As a PetSmart trainer, I'd like to clarify…
Yes, we have to do a lot of reading. And watch a lot of videos. 16 hours, in fact! Then we get quizzed by our managers before they approve us for a two week on-site training with a district trainer (that's 80 more hours). Then the district trainer gives us a test and written evaluation. It's a lot like student teaching. You start by observing and helping out where needed, and by the end, you're running all the classes.
Associates are generally picked to be trainers because of their rapport with dogs, ability to sell classes, and history of good customer service. While I'm sure not every trainer lives up to the desired standards, the ones that I have met and continue to work with only have the dogs' best interests in mind. We can also have dozens of dogs on our minds in any given week, so ask us if you have any questions or concerns about the progress of your dog!
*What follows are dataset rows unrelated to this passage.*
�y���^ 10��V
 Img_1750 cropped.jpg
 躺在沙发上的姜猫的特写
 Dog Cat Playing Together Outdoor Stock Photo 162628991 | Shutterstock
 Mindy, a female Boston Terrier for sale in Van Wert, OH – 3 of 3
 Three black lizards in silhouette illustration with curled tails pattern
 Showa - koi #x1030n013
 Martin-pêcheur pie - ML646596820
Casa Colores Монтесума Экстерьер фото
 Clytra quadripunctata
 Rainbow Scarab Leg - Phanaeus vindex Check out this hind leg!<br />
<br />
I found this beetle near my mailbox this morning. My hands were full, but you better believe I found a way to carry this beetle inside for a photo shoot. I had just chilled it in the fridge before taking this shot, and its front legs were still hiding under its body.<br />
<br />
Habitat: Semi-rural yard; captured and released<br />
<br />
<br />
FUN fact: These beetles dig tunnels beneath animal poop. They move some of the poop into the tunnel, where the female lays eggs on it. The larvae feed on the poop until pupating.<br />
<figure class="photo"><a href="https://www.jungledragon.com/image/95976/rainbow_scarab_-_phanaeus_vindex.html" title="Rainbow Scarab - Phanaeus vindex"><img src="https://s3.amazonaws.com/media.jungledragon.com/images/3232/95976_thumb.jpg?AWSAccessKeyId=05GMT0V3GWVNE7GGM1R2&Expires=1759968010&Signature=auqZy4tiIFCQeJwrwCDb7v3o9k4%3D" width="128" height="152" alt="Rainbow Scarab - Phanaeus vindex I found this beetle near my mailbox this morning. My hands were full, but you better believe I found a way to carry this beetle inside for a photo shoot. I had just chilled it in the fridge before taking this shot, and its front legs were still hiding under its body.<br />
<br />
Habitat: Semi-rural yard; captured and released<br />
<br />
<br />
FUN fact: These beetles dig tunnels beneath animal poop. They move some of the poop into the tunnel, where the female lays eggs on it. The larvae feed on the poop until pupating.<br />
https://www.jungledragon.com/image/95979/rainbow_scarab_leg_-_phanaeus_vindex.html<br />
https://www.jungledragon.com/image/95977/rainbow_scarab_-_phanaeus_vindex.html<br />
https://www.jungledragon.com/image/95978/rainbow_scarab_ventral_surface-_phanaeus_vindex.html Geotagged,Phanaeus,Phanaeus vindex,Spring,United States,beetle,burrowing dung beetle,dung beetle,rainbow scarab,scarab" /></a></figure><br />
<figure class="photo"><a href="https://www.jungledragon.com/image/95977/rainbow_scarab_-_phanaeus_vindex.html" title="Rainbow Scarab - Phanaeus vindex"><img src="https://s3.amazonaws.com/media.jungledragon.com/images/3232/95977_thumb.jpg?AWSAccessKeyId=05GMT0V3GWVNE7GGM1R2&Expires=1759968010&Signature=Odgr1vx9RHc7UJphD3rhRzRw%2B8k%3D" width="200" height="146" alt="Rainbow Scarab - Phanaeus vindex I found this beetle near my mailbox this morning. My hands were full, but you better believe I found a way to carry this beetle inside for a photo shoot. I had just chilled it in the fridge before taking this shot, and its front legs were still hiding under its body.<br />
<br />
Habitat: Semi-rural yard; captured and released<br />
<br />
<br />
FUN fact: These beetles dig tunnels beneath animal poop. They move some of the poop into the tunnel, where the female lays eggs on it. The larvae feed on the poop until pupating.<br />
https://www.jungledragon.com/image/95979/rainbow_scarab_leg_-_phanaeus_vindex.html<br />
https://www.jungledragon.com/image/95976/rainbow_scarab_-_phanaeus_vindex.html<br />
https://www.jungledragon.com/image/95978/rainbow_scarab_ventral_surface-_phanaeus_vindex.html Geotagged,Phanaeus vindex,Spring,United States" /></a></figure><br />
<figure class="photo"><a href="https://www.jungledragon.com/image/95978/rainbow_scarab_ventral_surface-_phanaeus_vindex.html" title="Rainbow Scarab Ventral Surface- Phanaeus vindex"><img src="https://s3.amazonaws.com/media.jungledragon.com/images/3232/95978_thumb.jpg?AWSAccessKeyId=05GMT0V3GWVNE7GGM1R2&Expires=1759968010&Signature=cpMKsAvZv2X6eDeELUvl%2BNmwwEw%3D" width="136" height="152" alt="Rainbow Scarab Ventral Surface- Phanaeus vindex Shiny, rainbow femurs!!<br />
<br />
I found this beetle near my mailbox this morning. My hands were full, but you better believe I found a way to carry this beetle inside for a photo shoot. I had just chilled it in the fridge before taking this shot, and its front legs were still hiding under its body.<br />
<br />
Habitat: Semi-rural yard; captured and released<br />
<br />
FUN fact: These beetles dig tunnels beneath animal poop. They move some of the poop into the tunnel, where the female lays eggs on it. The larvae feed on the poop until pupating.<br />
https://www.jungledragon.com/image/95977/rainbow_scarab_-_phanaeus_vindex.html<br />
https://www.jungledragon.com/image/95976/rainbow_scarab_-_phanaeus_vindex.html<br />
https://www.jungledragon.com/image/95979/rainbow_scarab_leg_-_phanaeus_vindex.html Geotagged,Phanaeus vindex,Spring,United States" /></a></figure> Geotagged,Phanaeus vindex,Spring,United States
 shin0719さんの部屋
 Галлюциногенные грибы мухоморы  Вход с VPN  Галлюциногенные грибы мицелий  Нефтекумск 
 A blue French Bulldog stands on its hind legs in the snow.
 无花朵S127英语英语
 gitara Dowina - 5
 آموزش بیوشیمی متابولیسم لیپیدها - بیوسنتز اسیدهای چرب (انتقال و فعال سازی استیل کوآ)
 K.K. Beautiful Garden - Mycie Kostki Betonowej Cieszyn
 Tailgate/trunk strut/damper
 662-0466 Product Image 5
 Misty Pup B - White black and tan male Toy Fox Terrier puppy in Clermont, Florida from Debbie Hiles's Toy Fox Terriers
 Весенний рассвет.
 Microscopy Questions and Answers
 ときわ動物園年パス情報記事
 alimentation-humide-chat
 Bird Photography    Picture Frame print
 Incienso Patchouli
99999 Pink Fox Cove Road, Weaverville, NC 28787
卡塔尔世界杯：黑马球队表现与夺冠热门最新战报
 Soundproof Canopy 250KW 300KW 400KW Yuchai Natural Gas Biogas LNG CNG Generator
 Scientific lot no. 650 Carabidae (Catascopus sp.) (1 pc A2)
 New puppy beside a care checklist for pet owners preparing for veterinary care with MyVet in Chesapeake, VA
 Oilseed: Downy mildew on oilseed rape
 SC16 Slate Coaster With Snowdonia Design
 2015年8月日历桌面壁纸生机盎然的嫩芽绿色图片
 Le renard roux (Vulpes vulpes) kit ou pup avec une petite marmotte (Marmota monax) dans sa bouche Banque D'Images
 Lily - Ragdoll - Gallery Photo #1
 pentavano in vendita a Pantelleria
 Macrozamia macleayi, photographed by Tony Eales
Basenjis ARE trainable, and part of that involves careful socialization. Cooper now works 14 hours a week with me at PetSmart. He's gentle with toddlers, flirts with old ladies, and reminds teenagers and puppies to use better manners. He knows that he needs to tolerate other dogs in the store, and now even makes a point to greet each one. But if he misses a week of work, he is snarky on his first day back. Constant socialization is needed to keep him on the ball.
I'd also like to note that, at least in my store, training sales are well below what they should be at this time of year. With economic stress (especially here in Michigan), people are still getting puppies, but they have no intention of training them. $100 in the short term can save your furniture, shoes, leashes, carpet, and more in the long term! It really makes me worried that if the economy continues to decline, we will end up with a lot more shelter dogs.